LNN : Quel a été l’accueil réservé à votre livre dans la presse ?
Lauren Bastide : Beaucoup de médias en ont parlé, en France et aussi en Belgique. Ils ont parfois réalisé de longs sujets. Mais le premier constat que je peux faire est que 90 % des journalistes qui m’ont interviewée étaient des femmes. C’est une bonne nouvelle car de plus en plus de femmes journalistes arrivent à faire avancer le sujet dans leur rédaction. Mais c’est aussi un peu inquiétant. Comme si les seul.es journalistes qui avaient lu le livre et voulaient en parler étaient déjà convaincu.es. J’ai constaté aussi qu’une partie des femmes qui m’ont interviewée étaient pigistes, donc pas en position de pouvoir dans leurs rédactions. Cependant, de plus en plus de féministes ont un pied dans la porte des rédactions, comme autant d’agents infiltrés.

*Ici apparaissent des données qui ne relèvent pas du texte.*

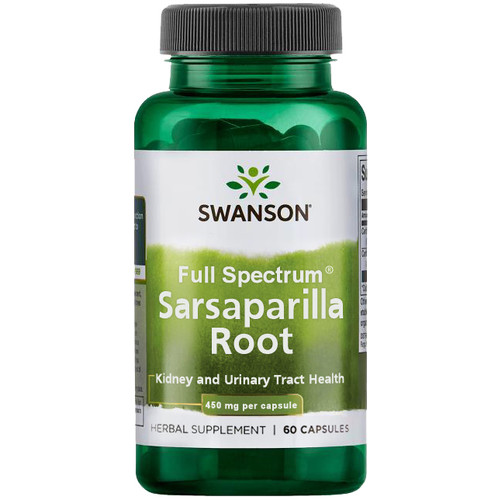 Swanson sarsaparilla wurzel - swanson,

LNN : Les études GMMP de Mediawatch que vous citez existent depuis 1995, d’autres ont été réalisées par l’INA ou le CSA aboutissant aux mêmes conclusions d’invisibilisation des femmes. Et pourtant, on a l’impression que les journalistes qui vous ont interviewée les découvrent. Est-ce qu’en lisant votre livre ils ont eu envie de bouger ?

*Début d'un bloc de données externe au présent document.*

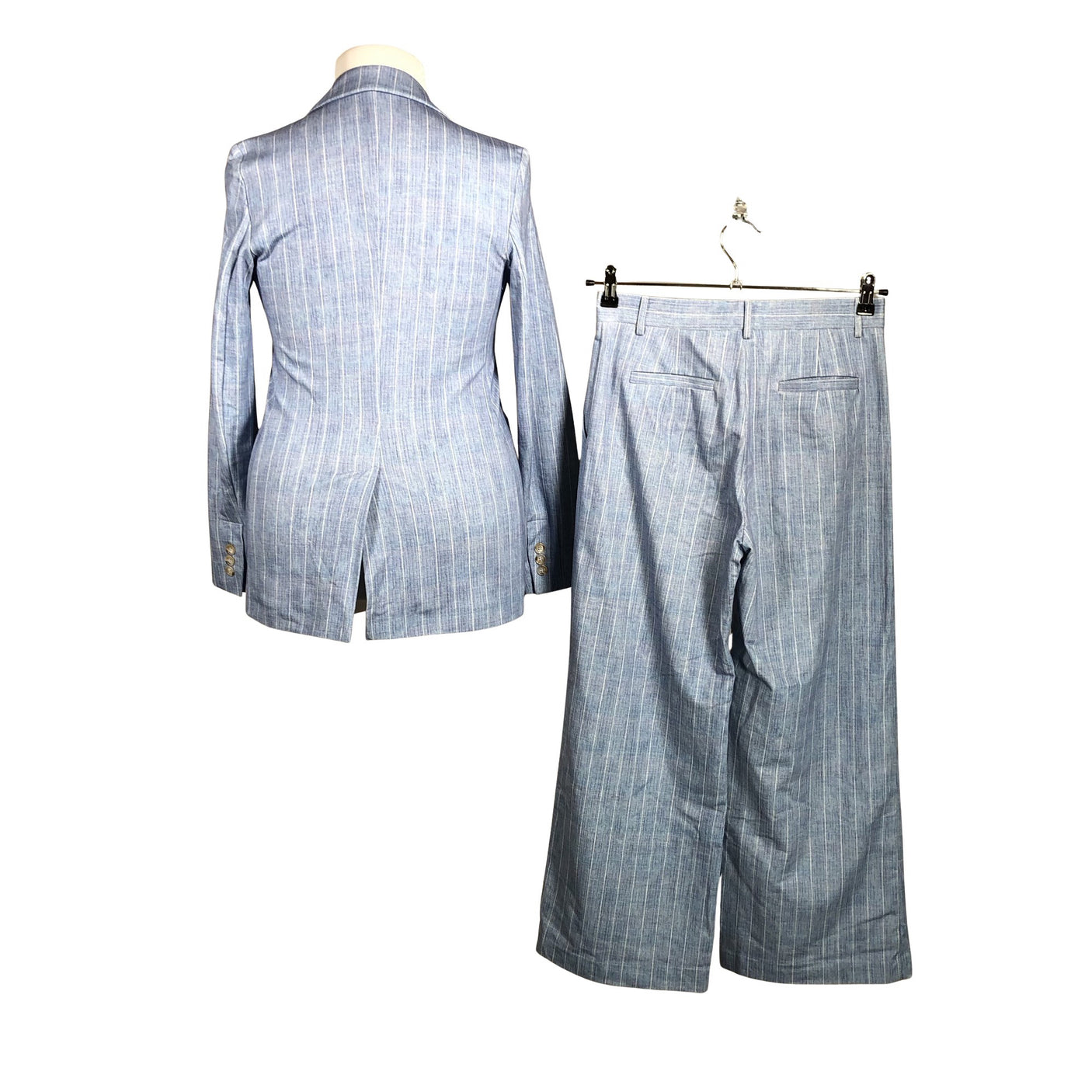 Unisex Goodmatch - Suit set, size 42 - Light blue (2)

LB : Certaines données sont désespérantes, d’autres rendent optimistes. Quand on voit que le nombre de femmes expertes dans les médias a chuté au début de la crise sanitaire, c’est désespérant. Quand j’entends les journalistes m’apporter la contradiction en citant quelques noms de femmes visibles, c’est désespérant aussi. Quelques noms ne font pas la parité. Quand on nous dit qu’un média féministe est un média « de niche », alors qu’il veut parler des 52% de la population qu’on ne voit pas, on se dit qu’il y a encore du travail.

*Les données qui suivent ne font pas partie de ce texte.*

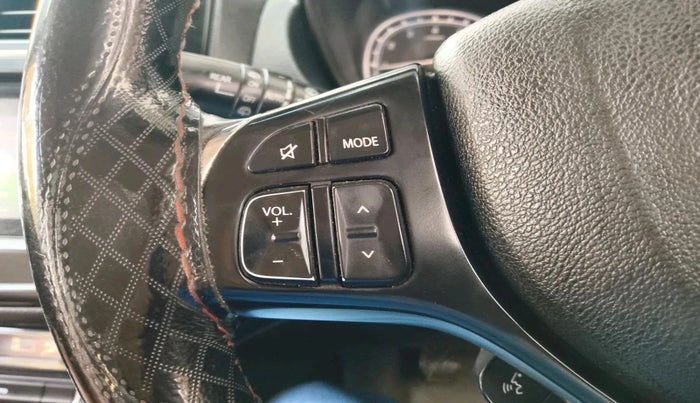 2021 Toyota URBAN CRUISER PREMIUM GRADE MT, Petrol, Manual, 64,617 km, interior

LNN : Et qu’est-ce qui rend optimiste ?
LB : Certains journaux commencent à se donner des objectifs chiffrés comme le Temps en Suisse qui a un « baromètre de la parité » ou Ouest-France qui commence à le suivre sur cette voie. Le Monde a fait une série de reportages sur les féminicides qui a fait bouger les lignes. Libération a lancé une newsletter féministe, Médiapart a créé un poste de gender editor. Comme je l’explique dans Présentes, une femme engagée et à la tête d’un grand média peut changer les choses, comme Delphine Ernotte à la tête de France Télévisions qui a donné un objectif de 40 % d’expertes dans ses médias et ça a marché !
LNN : Comment bousculer encore la hiérarchie de l’information ?
LB : Je reprendrais les recommandations de Prenons la Une. Continuer de documenter, compter, rendre visible l’invisibilisation des femmes. Sur le plan plus large, ne plus tolérer de concessions et cesser d’être polie, de ravaler notre colère ».
*Présentes, Lauren Bastide, Allary Éditions, 2020.